我正在尝试制作类Derived的对象d的深层副本，如下代码所示：

class A {
public:
   int m_int;
   A* clone() {
      return new A(*this);
   }
};
class Base {
public:
   A* m_a;
   virtual Base* clone() {
      A* new_a = new A();
      new_a = this->m_a->clone();
      Base* clone = new Base(*this);
      clone->m_a = new_a;
      return clone;
   }
};
class Derived : public Base {
public:
   double m_dbl;
   virtual Derived* clone() {
      return new Derived(*this);
   }
};
int main() {
   Derived* d = new Derived();
   d->m_dbl = 1.234;
   A* a = new A();
   a->m_int = -1;
   d->m_a = a;
   //clone d
   Derived d_copy = d->clone();
   //changing values of d's attributes must not affect d_copy
   a->m_int = 10;
   d->m_dbl = 3.456;
   //check d_copy
   cout << "m_int " << d_copy->m_a->m_int << endl;
   cout << "m_dbl " << d_copy->m_dbl << endl;
}

输出：

m_int 10 //wrong, should be -1;
m_dbl 1.234 //correct

如您所见，简单地在 Derived 的 clone() 方法中返回new Derived(*this)是错误的，因为它不会m_a进行深度复制。

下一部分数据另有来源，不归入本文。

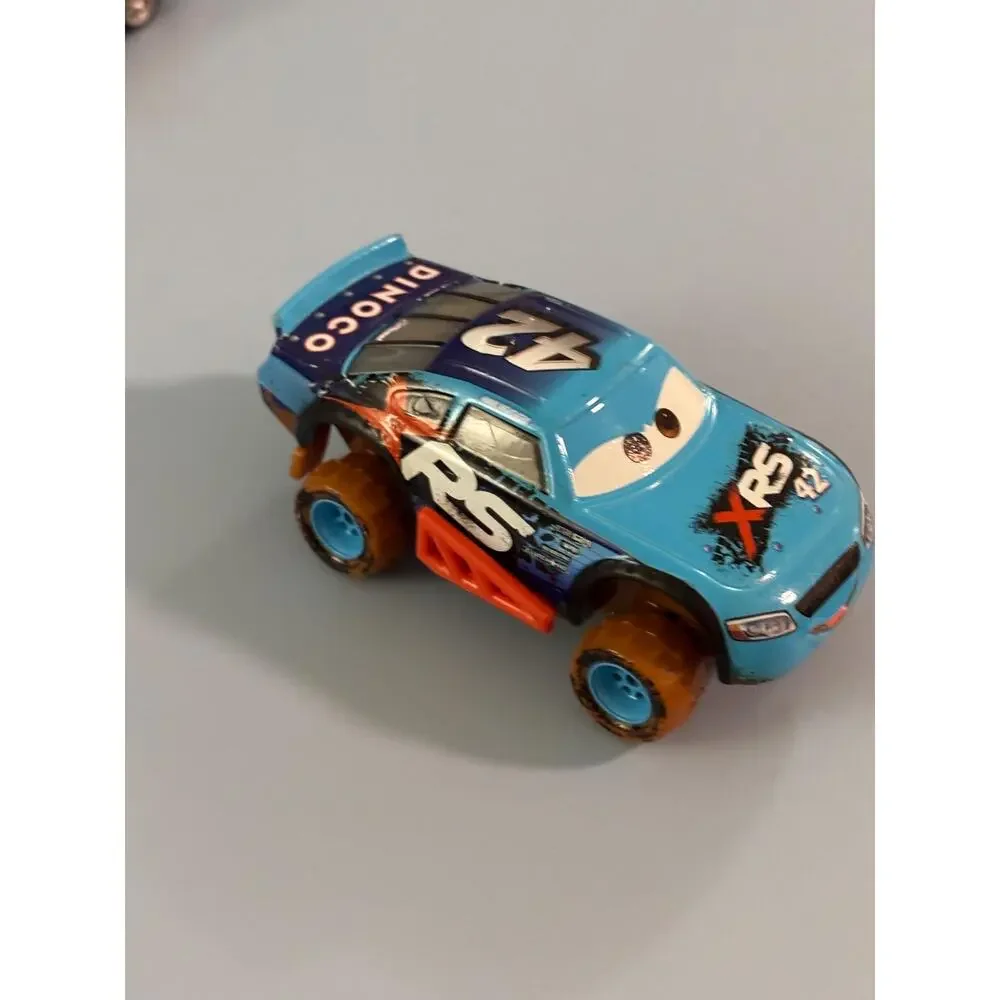 Disney Pixar Cars Cal Weathers Mud Racing No: 42 Original Official Diecast Blue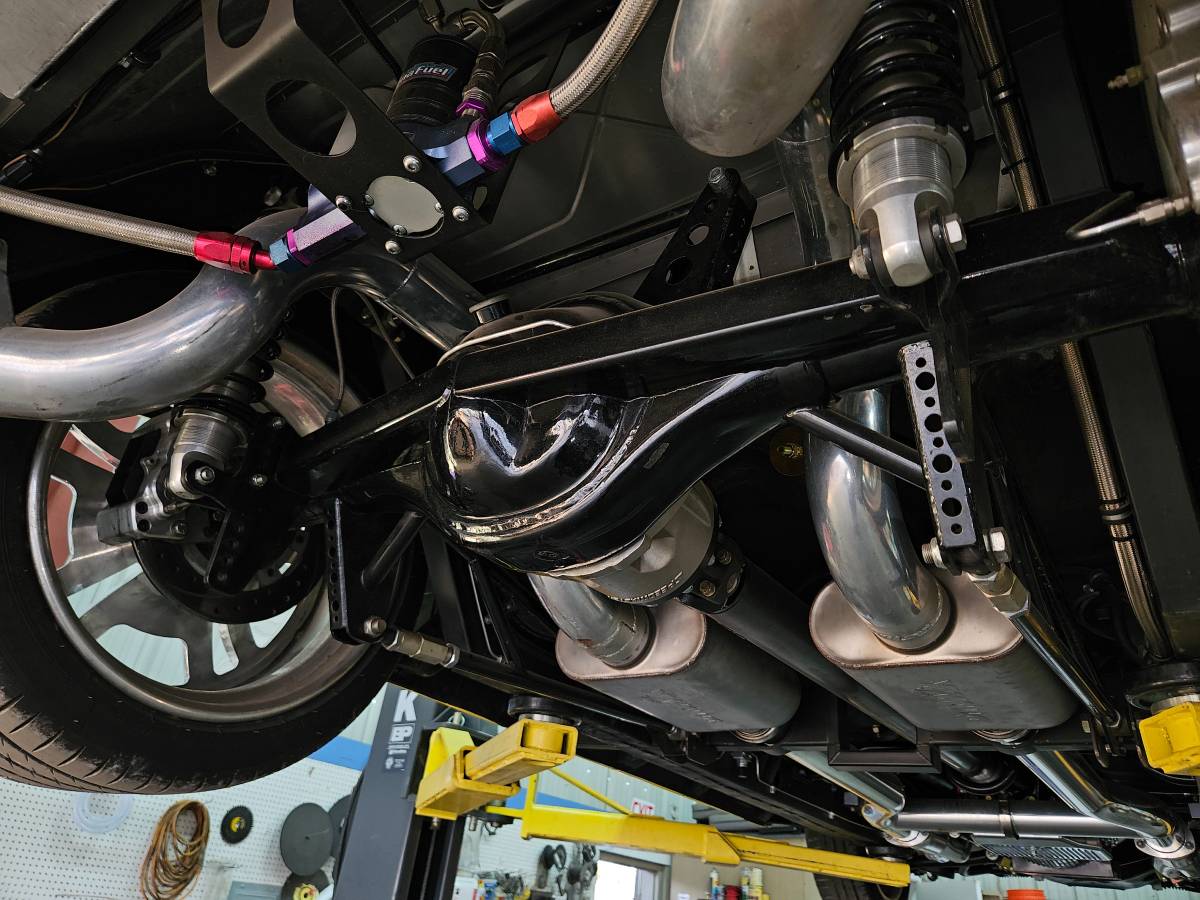 Chevrolet-bel-air-1956-yellow-36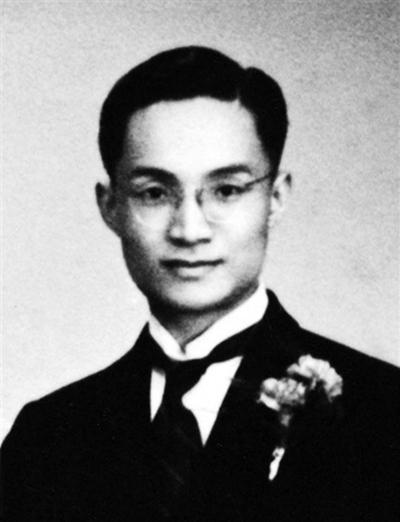 年轻时的金庸.jpg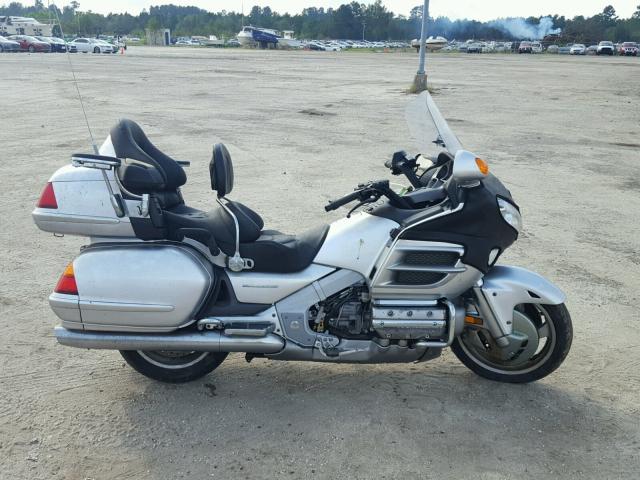 1HFSC47095A402328 - 2005 HONDA GL1800 SILVER photo 9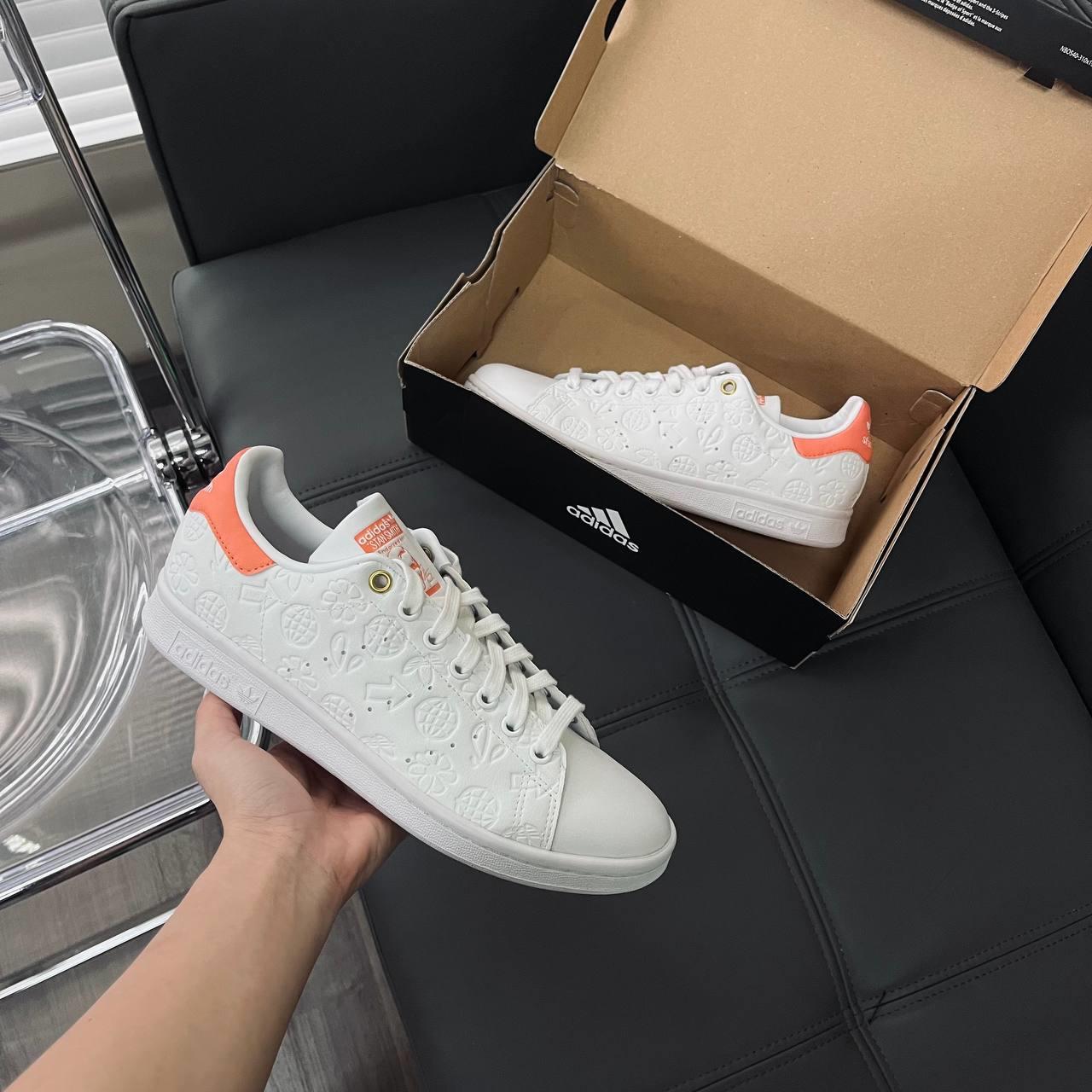 giày thể thao chính hãng, giày nike chính hãng, giày adidas chính hãng, giày newbalance chính hãng, giày converse chính hãng, giày puma chính hãng, giày vans chính hãng, giày asics chính hãng, giày everlast chính hãng, nước hoa chính hãng, ba lô, dép, dép quai ngang
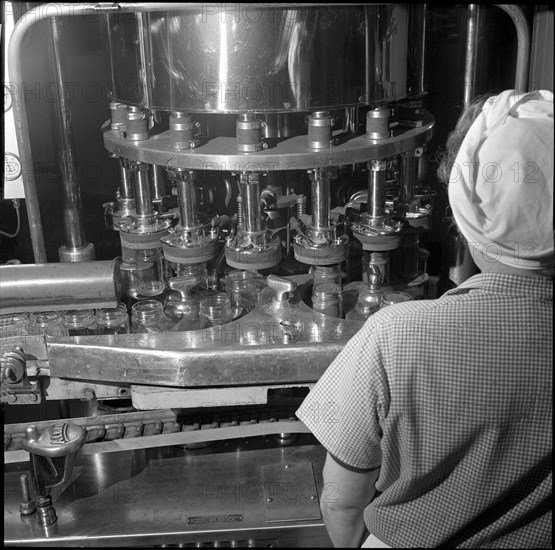 Women Packing Nescafe, around 1965.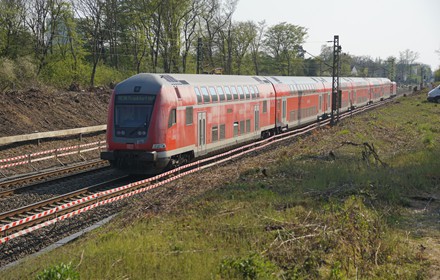 ....fährt vorbei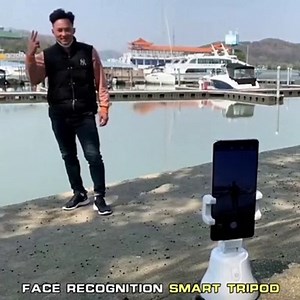 auto-tracking-smart-shooting-phone-holder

如果我将m_a的深度复制从Base"降低"到Derived那么我会得到正确的答案：

   virtual Base* clone() = 0;
   ...
   virtual Derived* clone() {
      A* new_a = new A();
      new_a = this->m_a->clone();
      Derived* clone = new Derived(*this);
      clone->m_a = new_a;    
      return new Derived(*this);
   }
   //gives out m_int = -1

如果是这种情况，这是否意味着每次我从Derived创建进一步的派生类时，我总是必须"降低"clone()的内容？

另外，例如，如果Base有两个派生类Derived1和Derived2，这是否意味着我必须在每个派生类中深度复制Base的成员？

还有其他方法可以解决这个问题吗？